• [WHAT THE EXERCISE ASKS]: Retyping each entry exactly is the whole task.

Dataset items
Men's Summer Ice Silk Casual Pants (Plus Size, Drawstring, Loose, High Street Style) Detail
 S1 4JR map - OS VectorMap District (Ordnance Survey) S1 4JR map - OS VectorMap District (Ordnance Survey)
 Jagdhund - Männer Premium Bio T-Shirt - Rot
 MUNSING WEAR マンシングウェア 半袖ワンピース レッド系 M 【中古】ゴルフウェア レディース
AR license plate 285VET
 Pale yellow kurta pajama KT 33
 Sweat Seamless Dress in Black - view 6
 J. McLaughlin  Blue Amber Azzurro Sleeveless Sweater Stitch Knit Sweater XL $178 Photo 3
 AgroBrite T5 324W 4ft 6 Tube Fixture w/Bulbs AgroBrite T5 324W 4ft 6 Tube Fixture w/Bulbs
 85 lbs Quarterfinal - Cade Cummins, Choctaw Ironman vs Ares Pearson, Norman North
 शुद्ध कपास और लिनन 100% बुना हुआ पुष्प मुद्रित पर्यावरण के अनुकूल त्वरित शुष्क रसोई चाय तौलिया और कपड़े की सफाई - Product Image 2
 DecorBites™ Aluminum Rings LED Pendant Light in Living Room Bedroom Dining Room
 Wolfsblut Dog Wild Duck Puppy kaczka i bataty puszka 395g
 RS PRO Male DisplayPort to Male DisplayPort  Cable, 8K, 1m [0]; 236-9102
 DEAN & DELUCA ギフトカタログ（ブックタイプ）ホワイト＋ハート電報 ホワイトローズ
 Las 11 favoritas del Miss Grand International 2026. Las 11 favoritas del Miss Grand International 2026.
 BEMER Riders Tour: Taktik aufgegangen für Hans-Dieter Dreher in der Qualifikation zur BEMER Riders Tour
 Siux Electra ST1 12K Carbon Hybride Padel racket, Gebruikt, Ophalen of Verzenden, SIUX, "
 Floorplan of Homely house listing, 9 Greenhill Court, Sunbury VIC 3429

• [SOLUTION]:
Men's Summer Ice Silk Casual Pants (Plus Size, Drawstring, Loose, High Street Style) Detail
 S1 4JR map - OS VectorMap District (Ordnance Survey) S1 4JR map - OS VectorMap District (Ordnance Survey)
 Jagdhund - Männer Premium Bio T-Shirt - Rot
 MUNSING WEAR マンシングウェア 半袖ワンピース レッド系 M 【中古】ゴルフウェア レディース
AR license plate 285VET
 Pale yellow kurta pajama KT 33
 Sweat Seamless Dress in Black - view 6
 J. McLaughlin  Blue Amber Azzurro Sleeveless Sweater Stitch Knit Sweater XL $178 Photo 3
 AgroBrite T5 324W 4ft 6 Tube Fixture w/Bulbs AgroBrite T5 324W 4ft 6 Tube Fixture w/Bulbs
 85 lbs Quarterfinal - Cade Cummins, Choctaw Ironman vs Ares Pearson, Norman North
 शुद्ध कपास और लिनन 100% बुना हुआ पुष्प मुद्रित पर्यावरण के अनुकूल त्वरित शुष्क रसोई चाय तौलिया और कपड़े की सफाई - Product Image 2
 DecorBites™ Aluminum Rings LED Pendant Light in Living Room Bedroom Dining Room
 Wolfsblut Dog Wild Duck Puppy kaczka i bataty puszka 395g
 RS PRO Male DisplayPort to Male DisplayPort  Cable, 8K, 1m [0]; 236-9102
 DEAN & DELUCA ギフトカタログ（ブックタイプ）ホワイト＋ハート電報 ホワイトローズ
 Las 11 favoritas del Miss Grand International 2026. Las 11 favoritas del Miss Grand International 2026.
 BEMER Riders Tour: Taktik aufgegangen für Hans-Dieter Dreher in der Qualifikation zur BEMER Riders Tour
 Siux Electra ST1 12K Carbon Hybride Padel racket, Gebruikt, Ophalen of Verzenden, SIUX, "
 Floorplan of Homely house listing, 9 Greenhill Court, Sunbury VIC 3429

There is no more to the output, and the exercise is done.